Take the material below and reproduce, word for word, only the lines from the line with "Highball wood very" through the line with "LIVILAN Teal Shower".

======== Excerpted records ========

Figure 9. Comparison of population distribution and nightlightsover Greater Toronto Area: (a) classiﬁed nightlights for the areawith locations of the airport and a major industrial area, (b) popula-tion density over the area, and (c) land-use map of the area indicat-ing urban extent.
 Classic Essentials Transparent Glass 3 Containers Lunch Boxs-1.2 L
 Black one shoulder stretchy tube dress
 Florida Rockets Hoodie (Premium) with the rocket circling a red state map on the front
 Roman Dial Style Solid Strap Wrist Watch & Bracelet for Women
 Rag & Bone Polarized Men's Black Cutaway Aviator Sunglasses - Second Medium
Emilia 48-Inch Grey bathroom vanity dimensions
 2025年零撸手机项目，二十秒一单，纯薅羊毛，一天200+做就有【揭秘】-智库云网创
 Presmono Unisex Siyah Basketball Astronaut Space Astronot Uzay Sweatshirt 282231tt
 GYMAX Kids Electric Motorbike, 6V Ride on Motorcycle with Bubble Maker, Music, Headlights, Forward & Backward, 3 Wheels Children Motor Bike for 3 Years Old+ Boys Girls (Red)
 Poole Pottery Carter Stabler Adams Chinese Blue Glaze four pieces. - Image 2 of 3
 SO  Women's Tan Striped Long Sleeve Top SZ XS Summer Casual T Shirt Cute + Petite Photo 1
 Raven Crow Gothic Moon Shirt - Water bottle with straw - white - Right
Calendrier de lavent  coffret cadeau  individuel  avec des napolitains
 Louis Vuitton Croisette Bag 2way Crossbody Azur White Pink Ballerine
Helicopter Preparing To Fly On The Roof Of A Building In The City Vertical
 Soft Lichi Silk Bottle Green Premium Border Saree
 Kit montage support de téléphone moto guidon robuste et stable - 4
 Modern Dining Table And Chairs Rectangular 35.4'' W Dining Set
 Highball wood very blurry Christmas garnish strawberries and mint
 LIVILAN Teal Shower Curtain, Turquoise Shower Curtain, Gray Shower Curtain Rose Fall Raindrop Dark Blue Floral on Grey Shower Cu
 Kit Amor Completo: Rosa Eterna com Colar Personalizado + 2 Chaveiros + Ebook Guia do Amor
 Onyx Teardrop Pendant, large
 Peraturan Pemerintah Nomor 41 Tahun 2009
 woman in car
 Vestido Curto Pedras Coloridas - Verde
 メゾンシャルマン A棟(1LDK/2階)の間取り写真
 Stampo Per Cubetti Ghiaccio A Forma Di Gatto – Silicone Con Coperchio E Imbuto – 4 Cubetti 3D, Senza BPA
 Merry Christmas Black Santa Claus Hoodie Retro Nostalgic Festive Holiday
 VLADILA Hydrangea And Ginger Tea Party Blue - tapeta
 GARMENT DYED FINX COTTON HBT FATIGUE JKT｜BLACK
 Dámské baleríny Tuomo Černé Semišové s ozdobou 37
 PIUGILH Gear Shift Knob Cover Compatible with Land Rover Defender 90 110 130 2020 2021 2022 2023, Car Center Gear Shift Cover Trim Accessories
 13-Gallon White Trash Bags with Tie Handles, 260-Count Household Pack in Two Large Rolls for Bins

========

Result for this exercise →
 Highball wood very blurry Christmas garnish strawberries and mint
 LIVILAN Teal Shower Curtain, Turquoise Shower Curtain, Gray Shower Curtain Rose Fall Raindrop Dark Blue Floral on Grey Shower Cu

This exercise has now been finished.